Tuesday, June 2, 2009


A year ago, the big oil companies were bringing in record profits and the public was outraged.  This summer, will we be looking at antitrust cases against companies that fare a little too well during a recession?

Intel was recently ordered to pay 1.45 billion dollars in Europe for giving discounts to repeat customers. Discounts to certain customers violates antitrust laws (albeit European Union ones)?

This article, from the Wall Street Journal, talks about wanting to go after companies that pick up market share during the financial crisis.

It's possible that Walmart could get slapped with a suit because they cater heavily to the middle-to-low income households and prevent specialty stores from succeeding. Apparently upper middle-to-low upper class are now shopping at Walmart and are hurting the small deli shops and local businesses that cater to the upper class.However, aren't antitrust laws set up to make sure people receive a "fair" price?

Heck, maybe Ford will get in trouble for outpreforming General Motors. Even though GM could avoid that by selling vehicles at a loss and using government funds to prop it up...

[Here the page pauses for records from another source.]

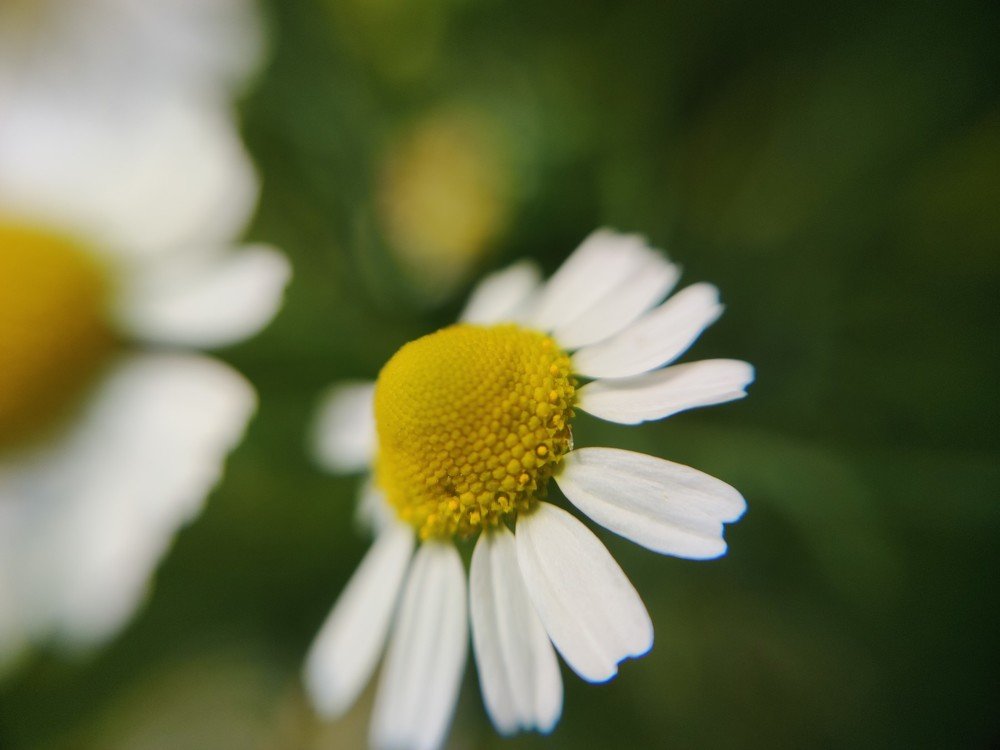 Photograph by Марина Титова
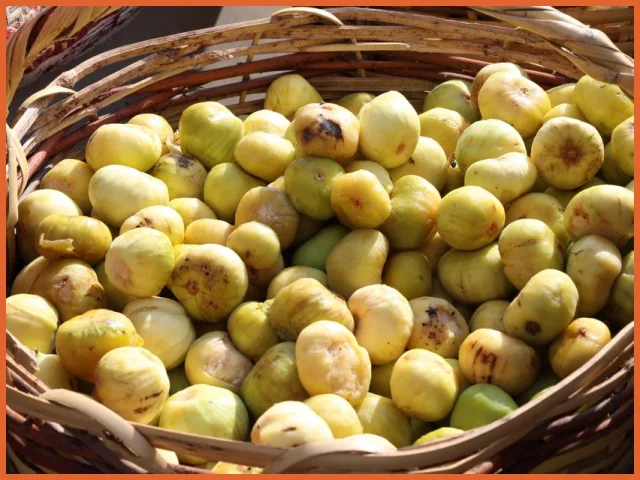 Figi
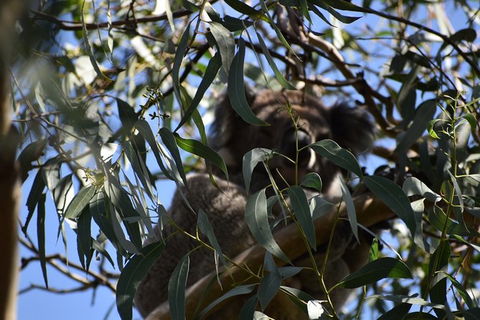 Great Ocean Road Tour Plus Koalas, Forest Walk And Morning Tea. - Attractions 6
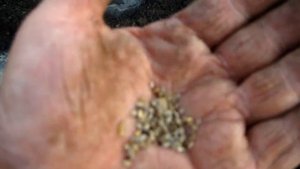 ПОСЕВ  СЕМЯН РАННИХ ТОМАТОВ В ОТКРЫТЫЙ ГРУНТ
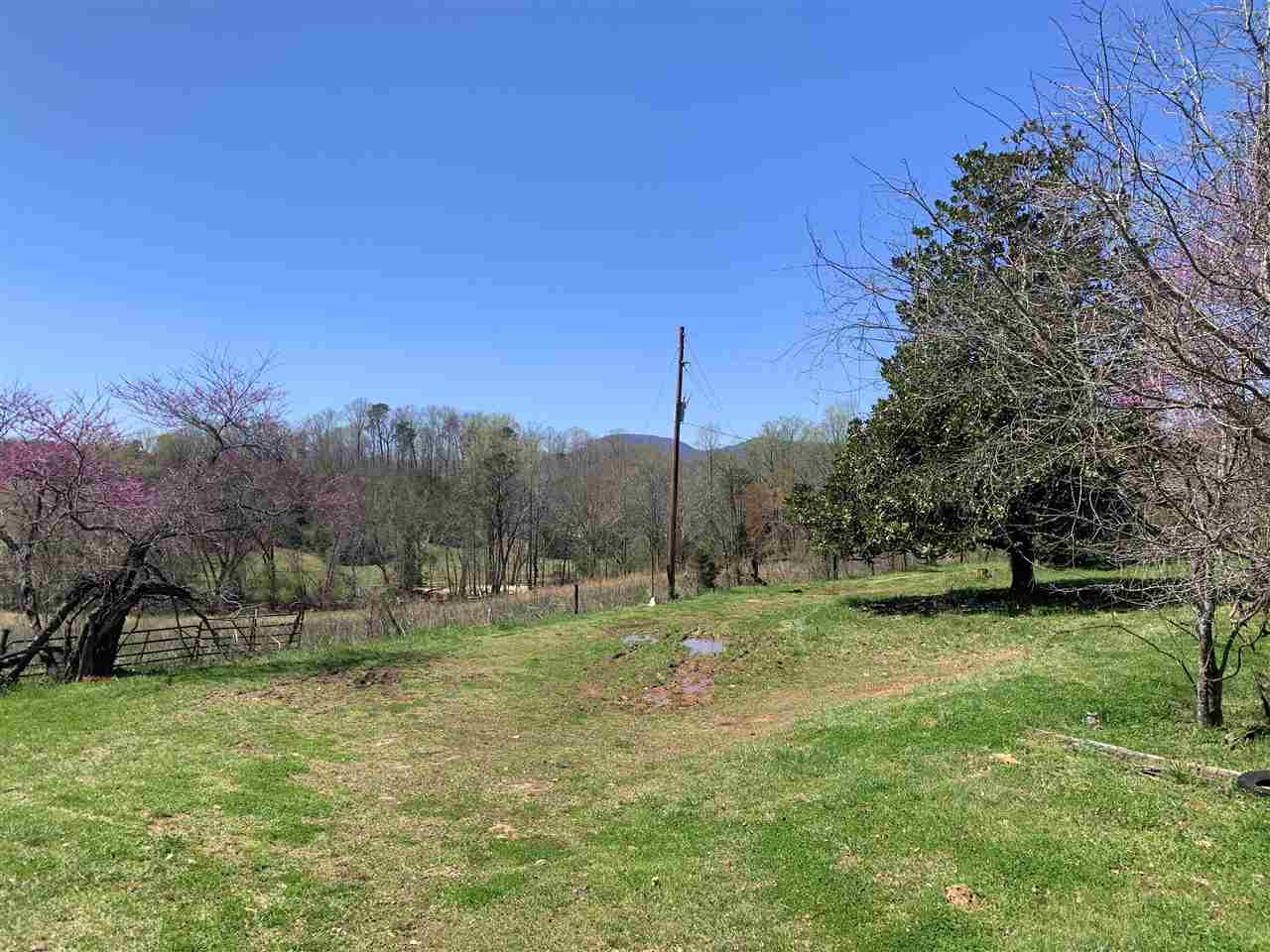 215 Red Barn Road Landrum, SC 29356 - Photo 3 of 25
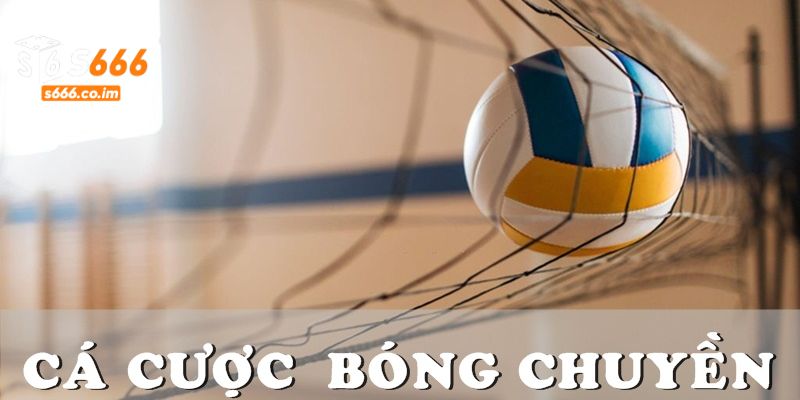 Cá Cược Bóng Chuyền S666 - Khám Phá Các Kèo Đầu Tư Thú Vị 2 Tìm hiểu về bộ môn cá cược bóng chuyền S666
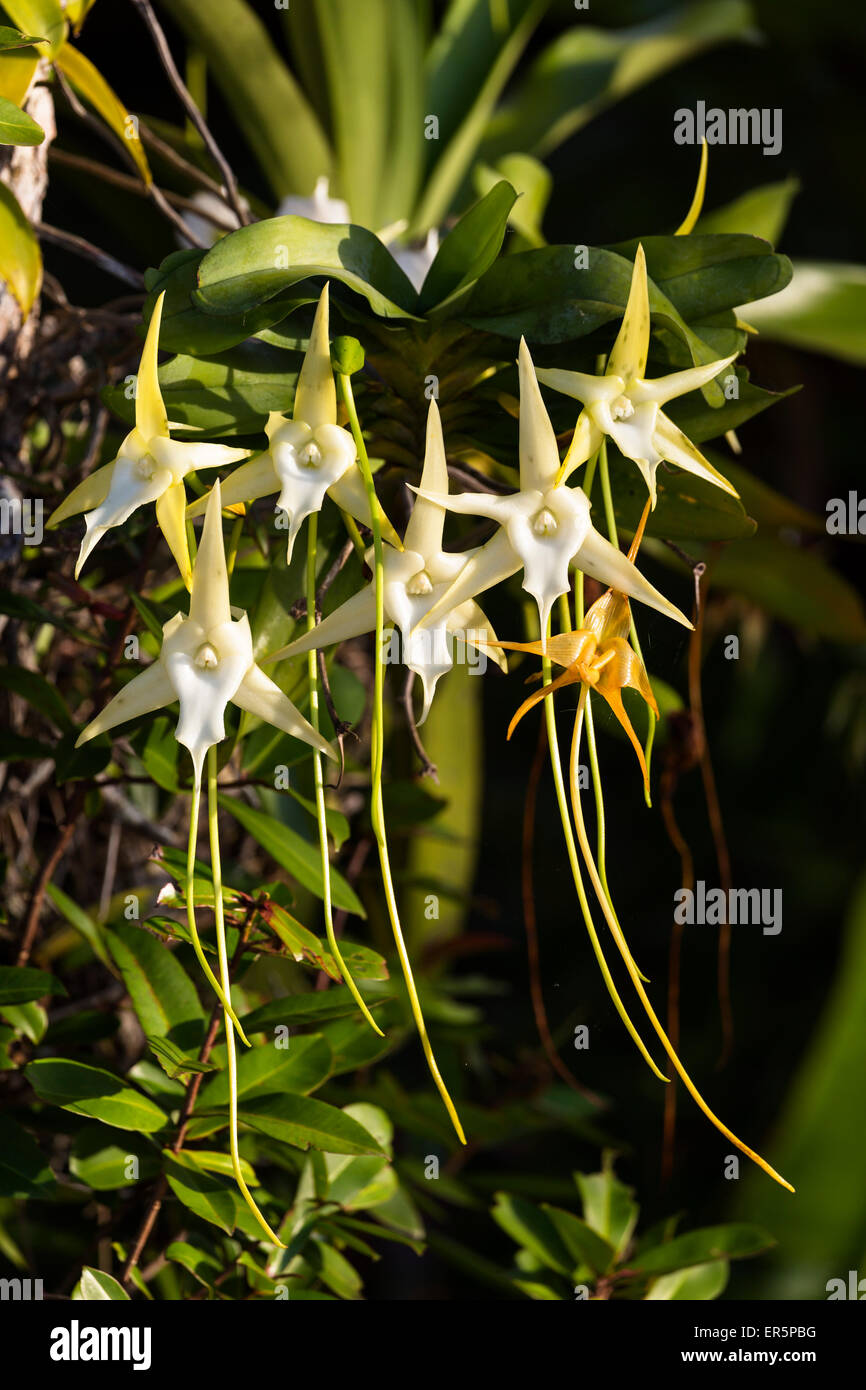 Orchid in rainforest, Star of Madagascar, Angraecum sesquipedale, East Madagascar, Madagascar, Africa Stock Photo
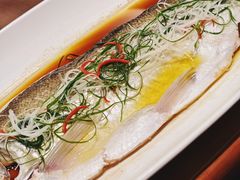 -金陵之星大酒店·中餐厅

The author makes a good presumption that nothing will come out of this exept for an increase in litigation costs, but like the Obama White House says, "Never let a crisis go to waste."

EDIT: Apparently part of the Intel/EU case was that Intel was giving the discount to customers that did not buy chips from rival AMD. I still don't see a problem with this.
Cox Communicaitons gives me a discount for using all three of their services (phone/internet/cable).